Akamai Technologies Inc.
reported on Wednesday a first quarter operating loss of US$2.2 billion — that’s right, billion. The stunningly large losses are largely the result of write-downs of Akamai’s acquisitions of Intervu Inc. and Network24 Communications Inc., along with some equity investments.
Akamai is the media delivery company that Apple and other companies use to speed delivery of content on their Web sites. The company maintains a global server network that keeps data closer to the users requesting it, resulting in less congestion and bottlenecks.
The company also ended contracts with 150 customers this past quarter — three times the amount of customers lost the previous quarter. The ex-customers either couldn’t pay their bills or voluntarily cancelled their contacts. Akamai executives said that customer turnover could remain high for another quarter or two — they expect to lose as many as fifty more customers this quarter.
Despite the attrition, Akamai’s customer base is growing.

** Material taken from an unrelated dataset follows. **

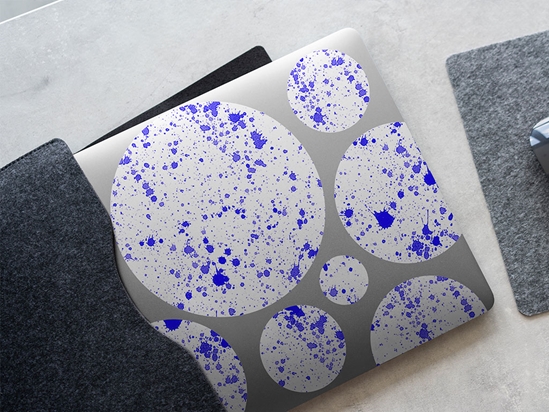 Indigo Raindrops Paint Splatter DIY Laptop Stickers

They have almost 1,500 customers, including Apple, which just recently renewed its contract. That’s a big win — Apple represented about 12 percent of the company’s annual revenue last year, according to Akamai. Company chairman George Conrades expressed confidence that the company will break even by the second quarter of 2002.
Although the company says it’s still well-funded to make it that far, they’re not taking any chances. With $313 million in cash and securities in reserve, the company’s burn rate for the rest of the year is expected to be as much as $240 million. Looking to cut corners, the company is planning on saving $15 million or so by cutting loose 14 percent of its workforce.
Excluding one-time charges, Akamai’s net loss was around $52.5 million — more or less in line with what market analysts were expecting. The company’s revenue was in line with revised guidance offered earlier this month. Akamai is expecting a modest revenue increase this quarter.